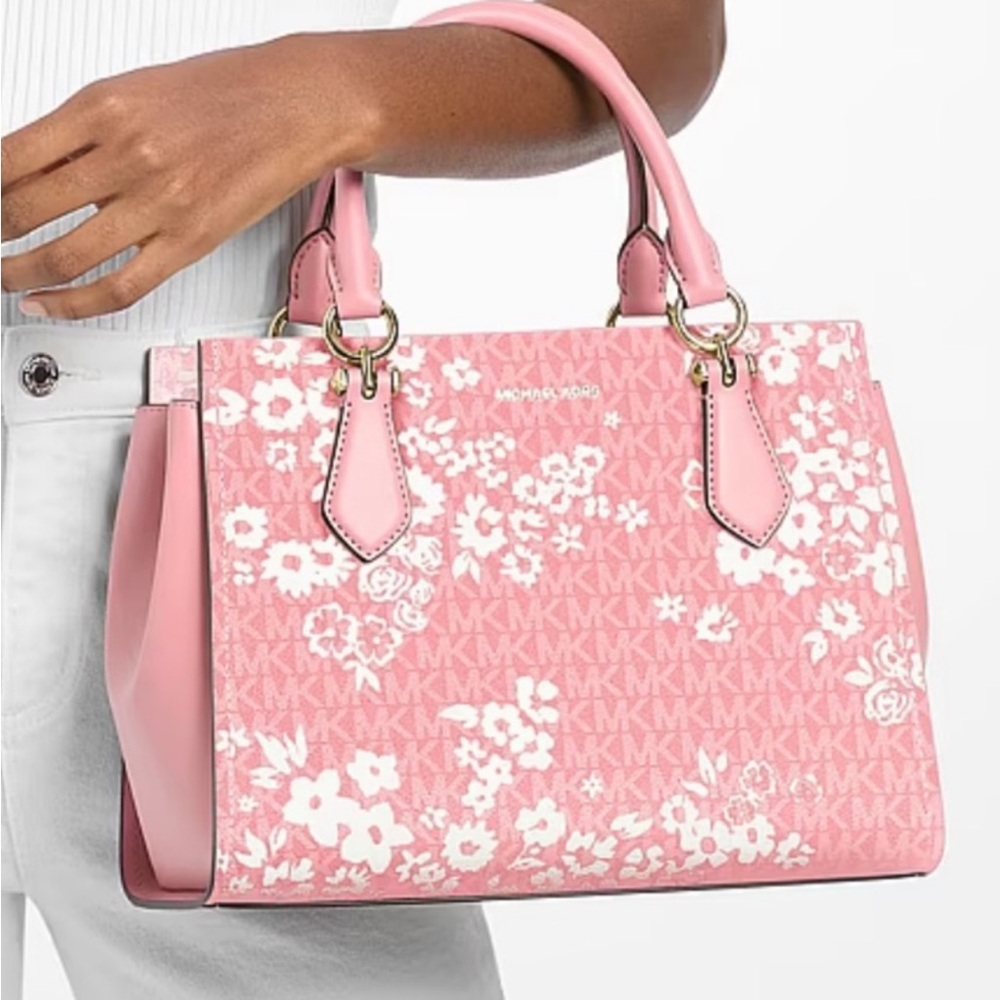 MICHAEL KORS Marilyn Medium Printed Signature Logo Satchel Crossbody
Carnation - Picture 2 of 8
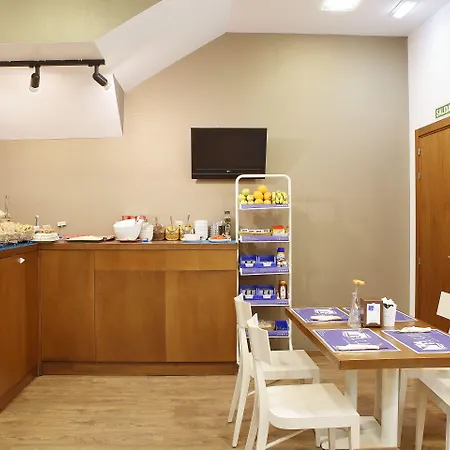 Santa Rosa, Blue Hotel 3*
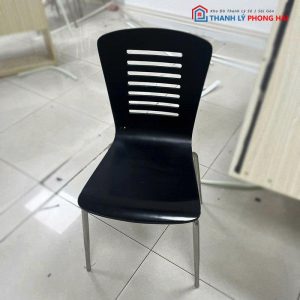 Ghế Nhựa Uốn Cong Cũ Không Tay Vịn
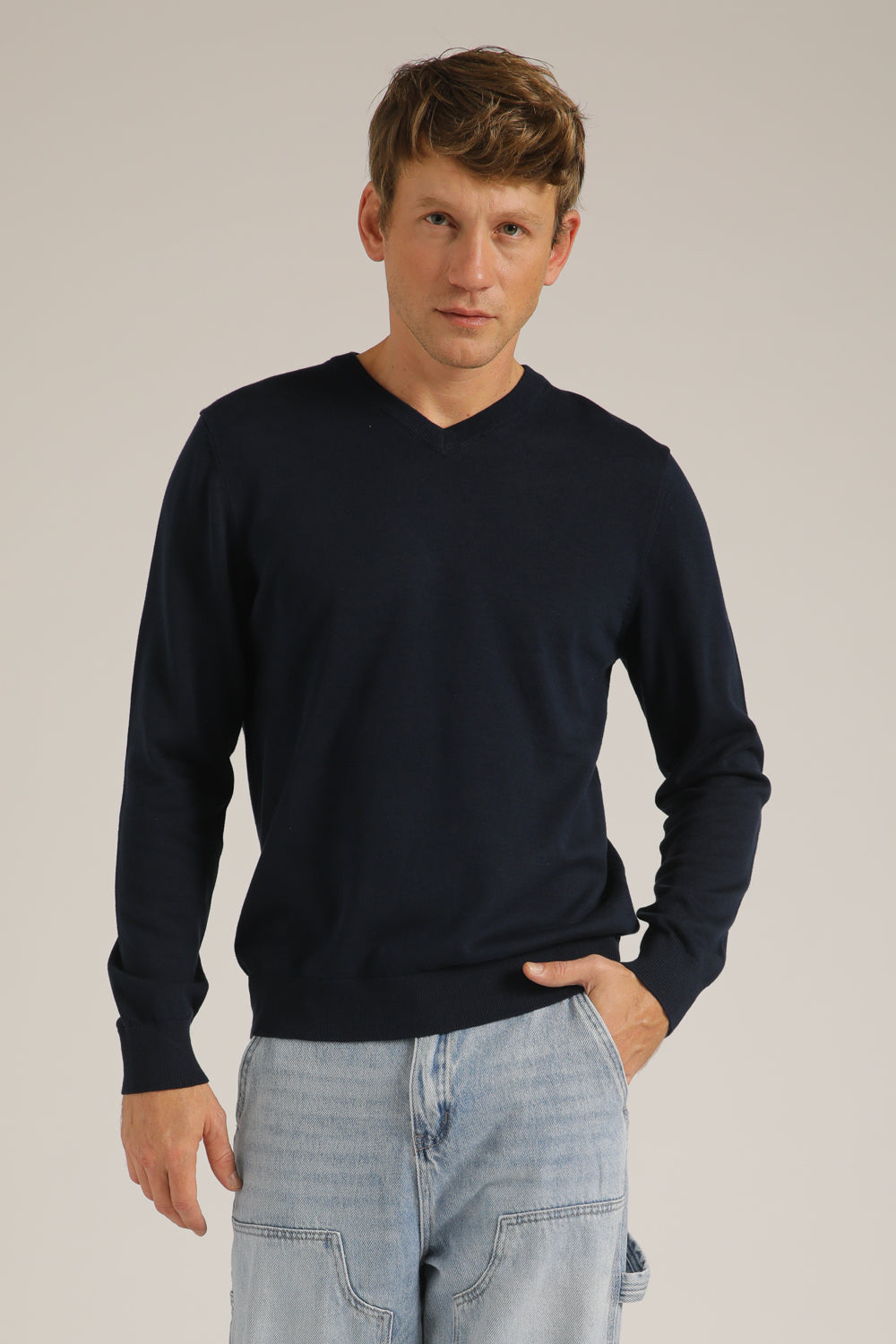 חולצת סריג עם צווארון וי | קנת קול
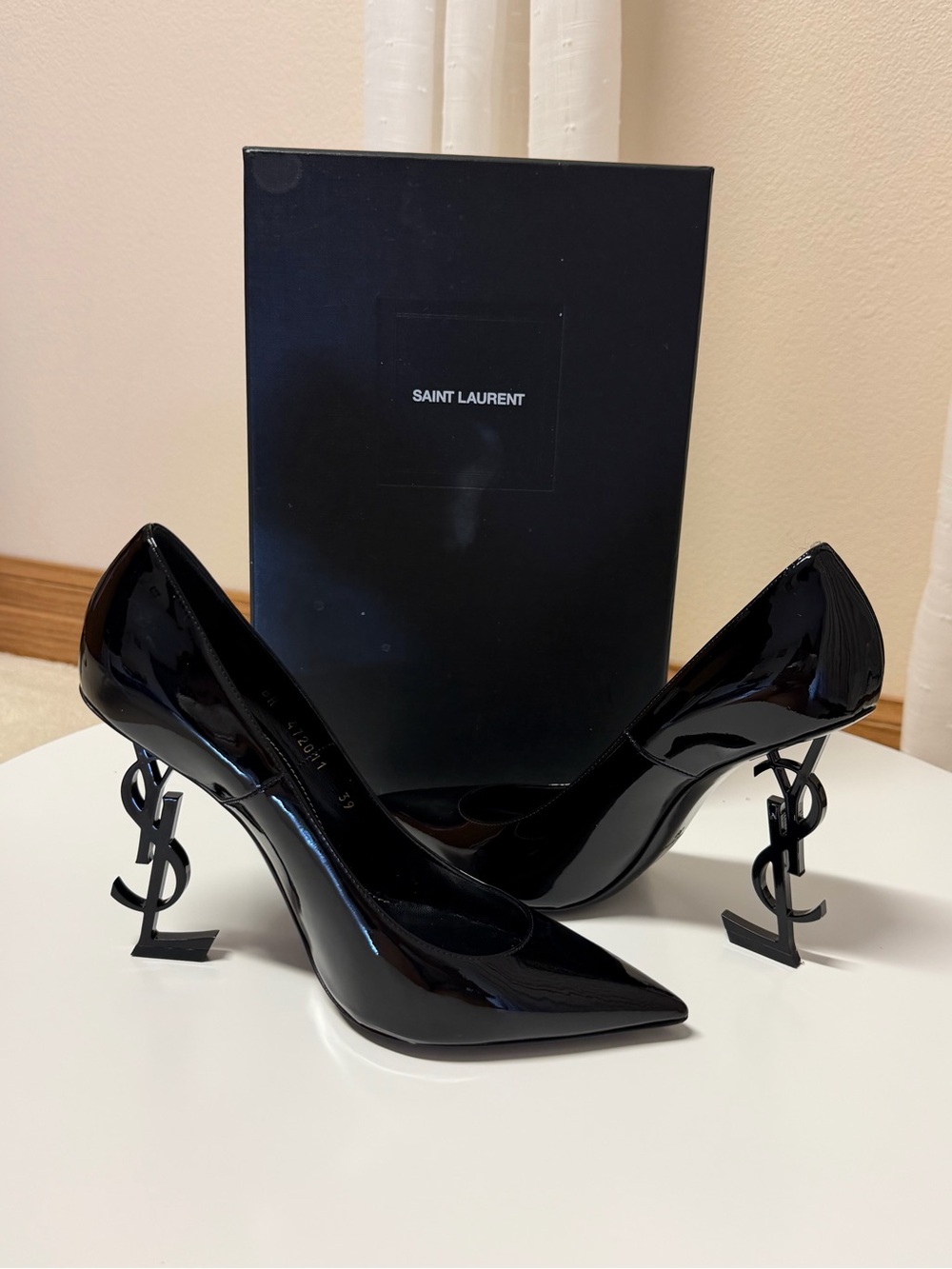 Saint Laurent Black Heels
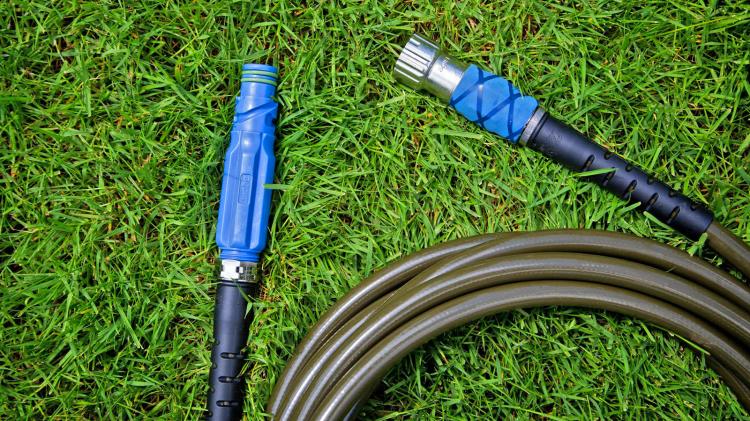 Aquor Home Hydrant - Fire hydrant connection for your outdoor water faucet - Modern garden spigot replacement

—————

* **GOAL OF THE EXERCISE**:
The lines to retype run from the one containing "Ghế Nhựa Uốn Cong Cũ Không Tay Vịn" through the last line of the records above; write them exactly and skip the pictures.

* **SOLUTION BELOW**:
 Ghế Nhựa Uốn Cong Cũ Không Tay Vịn
 חולצת סריג עם צווארון וי | קנת קול
 Saint Laurent Black Heels
 Aquor Home Hydrant - Fire hydrant connection for your outdoor water faucet - Modern garden spigot replacement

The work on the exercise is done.